Home > Other > The Secret Life of Sarah Hollenbeck > Page 14
The Secret Life of Sarah Hollenbeck Page 14

by Bethany Turner


  Suddenly I really didn’t care if the Pharisees of Mercy Point ever loved me or not.

  14.

  Seven Minutes at 350 Degrees

  There are certain words that feel to your soul like that first shower after you’ve been in the woods camping for four days. That’s how I felt about Ben’s declaration of love.

  I had been so worried about that—even more than I had realized. Like I already said, I knew he was falling in love with me fast, but when would the timing be right to say it out loud? I didn’t want him to feel pressured to say it or feel any uncomfortable expectations from me about those words.

  But Ben’s “I love you” was perfect. Just perfect.

  In my opinion, just as exciting and fear-inducing as the words “I love you” are the words “I want you to meet my mother.” Or, worse yet, “My mother wants to meet you.” At least with “I want you to meet my mother” there is a feeling that your guy is proud of you and your relationship, and he’s serious enough about you to take you home to meet the first woman he loved. “My mother wants to meet you,” on the other hand, is a mixed bag of Oedipal chaos. He’s been talking to her about you—that’s the first thing you know. But after that? You know nothing. Maybe it’s his low-pressure way of saying he really cares about you and can’t wait to take that next step with you.
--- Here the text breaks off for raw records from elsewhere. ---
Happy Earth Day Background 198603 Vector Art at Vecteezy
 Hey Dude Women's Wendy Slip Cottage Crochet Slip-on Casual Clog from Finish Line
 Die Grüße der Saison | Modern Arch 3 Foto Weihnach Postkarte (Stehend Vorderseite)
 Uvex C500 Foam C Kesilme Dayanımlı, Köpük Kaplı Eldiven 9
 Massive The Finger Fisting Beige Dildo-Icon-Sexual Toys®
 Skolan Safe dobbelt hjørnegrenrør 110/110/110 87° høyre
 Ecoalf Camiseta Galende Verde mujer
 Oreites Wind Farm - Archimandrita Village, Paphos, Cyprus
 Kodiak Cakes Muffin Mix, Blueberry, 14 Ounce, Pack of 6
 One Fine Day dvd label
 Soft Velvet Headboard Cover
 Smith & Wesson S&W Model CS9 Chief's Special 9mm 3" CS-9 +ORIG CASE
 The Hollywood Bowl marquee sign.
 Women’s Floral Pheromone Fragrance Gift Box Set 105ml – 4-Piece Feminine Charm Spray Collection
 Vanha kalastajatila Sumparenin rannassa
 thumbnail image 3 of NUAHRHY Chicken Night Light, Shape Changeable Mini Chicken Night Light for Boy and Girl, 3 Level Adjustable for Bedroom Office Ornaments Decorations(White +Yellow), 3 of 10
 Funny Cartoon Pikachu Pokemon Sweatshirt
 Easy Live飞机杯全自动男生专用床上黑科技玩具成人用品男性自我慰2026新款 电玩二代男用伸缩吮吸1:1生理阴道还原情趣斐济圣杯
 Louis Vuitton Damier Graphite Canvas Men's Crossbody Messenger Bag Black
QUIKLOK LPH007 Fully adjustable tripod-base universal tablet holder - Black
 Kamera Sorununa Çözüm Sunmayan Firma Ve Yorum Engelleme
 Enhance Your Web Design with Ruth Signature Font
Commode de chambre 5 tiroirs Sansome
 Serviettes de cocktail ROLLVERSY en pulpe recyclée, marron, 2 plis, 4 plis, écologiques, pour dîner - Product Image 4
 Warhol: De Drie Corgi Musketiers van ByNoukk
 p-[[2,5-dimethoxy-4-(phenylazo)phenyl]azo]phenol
Then again, it could mean he’s not really sure about your relationship at all, and he wants to get his mommy’s two cents to see if he should even continue on with you.

  Thankfully, Ben told me, “I want you to meet my mother.” And then he tagged on with a smile, “And my dad. But there’s a very good chance he’ll just watch football the whole time. Don’t take it personally.”

  I hadn’t had to deal with meeting mothers all that often. The last time I’d met the mother of a boyfriend, I was a teenager being introduced to my future mother-in-law, Lucy McDermott, at the senior awards banquet. Lucy was fine. I didn’t even have to call her Mrs. McDermott. We were never close, but looking back, I do think there was always a sort of solidarity or sisterhood between us. We’d both had the grave misfortune of falling for McDermott men, and though she loved her husband and practically deified her son, I think she understood better than anyone the burden of being a McDermott wife.

  I was dreading meeting Ben’s mom. Absolutely dreading it. I was confident about our relationship, and I knew that her two cents, or any other amount of intrusion, wouldn’t shake his love for me. But considering who I was to much of the outside world, I felt as if there was some additional stress piled on top of the already scary meeting of my boyfriend’s mother. At the very least, I worried it might not be pleasant.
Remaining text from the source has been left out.